Another example is my mom and dad’s place. I didn’t understand before today why my mom was packing my dad’s clothes into suitcases to get them out of the closet. I was thinking it was a bit fast, a bit soon, but was essentially telling myself I was okay with whatever she thought she needed to do. Today, however, I opened her coat closet and saw the blue denim flannel shirt that my dad always, always, always wore as a pseudo-jacket. Still on the hanger, bearing all the un-crisp, un-laundered, shaped-to-fit hallmarks of a shirt just waiting for its owner to come back and settle comfortably into it once again. I almost fell backward with the wave of grief that washed over me simply because in looking at that shirt I saw the shape of his shoulders, the buttons always undone to reveal one of his funny/silly/un-pc T-shirts, the sleeves still rolled up to their exact, preferred location on his arms. I saw *him* in that shirt like I had done thousands of times before. I knew that if I stepped a little closer I would probably be able to smell his aftershave too.

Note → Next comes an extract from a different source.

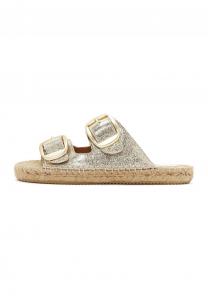 Мюли Derimod, золотой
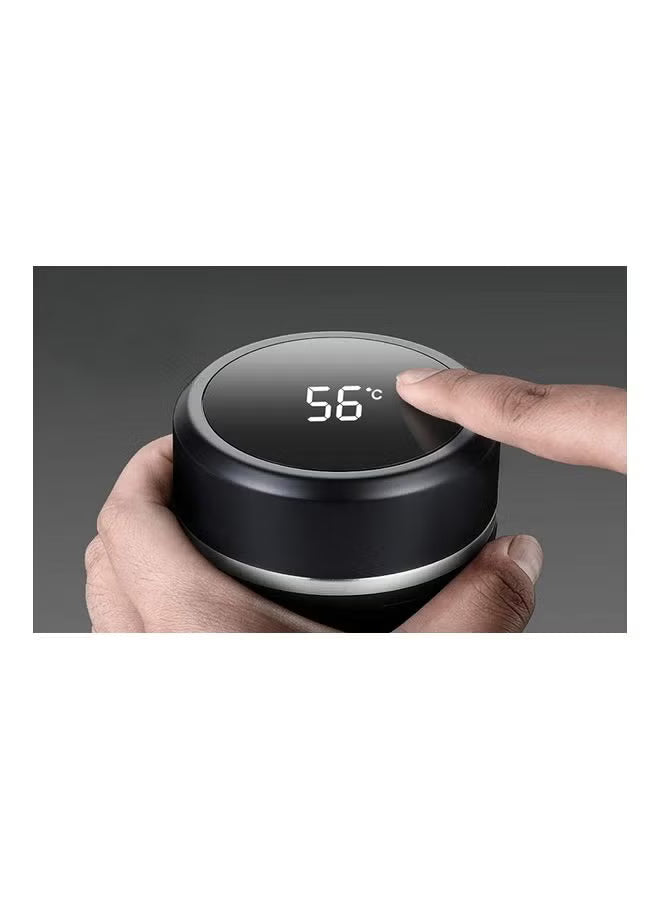 LED Smart Temperature Display Vacuum Thermal Bottle White 500ml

I had to close the closet door and walk away swiftly to avoid completely losing my sh*t in front of The Bambina.
So there, in the presence of a simple, average, everyday shirt, I finally understood why my mom was packing them up. Clothes; worn, rumpled, lived-in clothes that seem to live on even when those who wore them do not, can be either warmly comforting or exquisitely painful depending on the recency of the loss. I know that someday I will find it funny to ponder purchasing the right sized mannequins to wear his various threads when I open The Wee Fat Scotsman Museum and Whiskey Lounge, but right now it’s too soon feel anything but heartache when I catch a glimpse of the clothes that made the man.